» **REQUIREMENT**
Only the lines running from the line with "Tirane, shitet apartament" to the end of the listing below should be copied, exactly, without pictures.

· · · ·

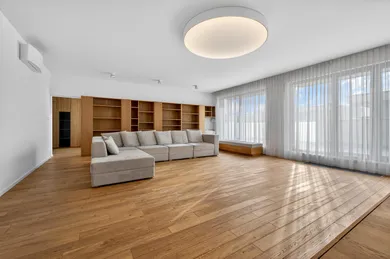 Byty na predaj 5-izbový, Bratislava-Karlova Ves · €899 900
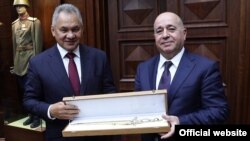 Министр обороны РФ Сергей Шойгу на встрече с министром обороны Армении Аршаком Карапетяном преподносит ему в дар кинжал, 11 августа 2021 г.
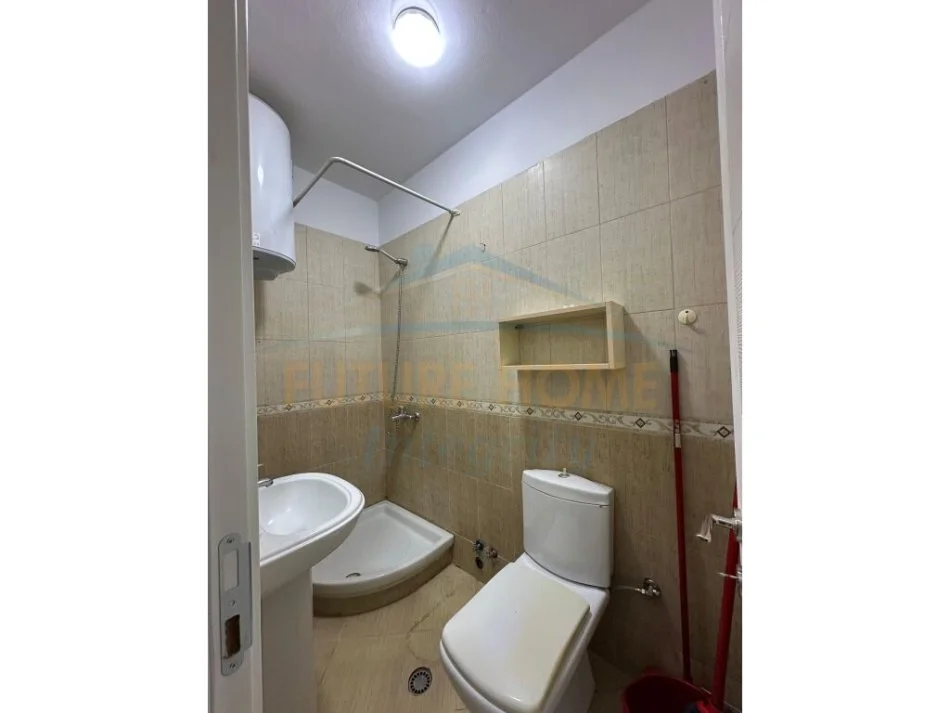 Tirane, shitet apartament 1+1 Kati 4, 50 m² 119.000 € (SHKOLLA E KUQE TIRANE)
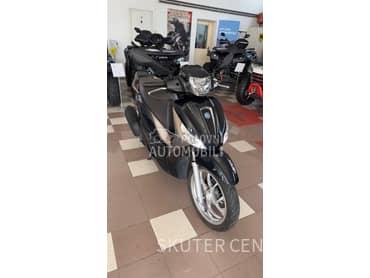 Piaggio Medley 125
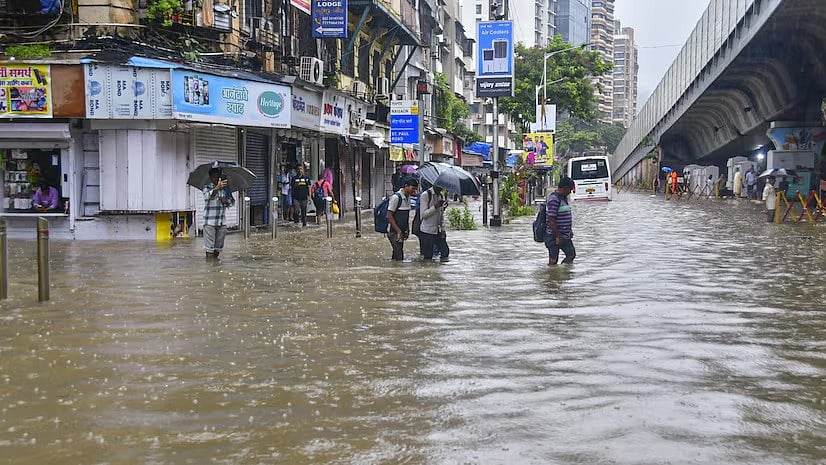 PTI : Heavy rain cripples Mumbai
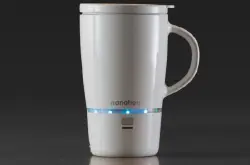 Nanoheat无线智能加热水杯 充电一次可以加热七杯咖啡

· · · ·

» **ANSWER TO THE EXERCISE**
 Tirane, shitet apartament 1+1 Kati 4, 50 m² 119.000 € (SHKOLLA E KUQE TIRANE)
 Piaggio Medley 125
 PTI : Heavy rain cripples Mumbai
 Nanoheat无线智能加热水杯 充电一次可以加热七杯咖啡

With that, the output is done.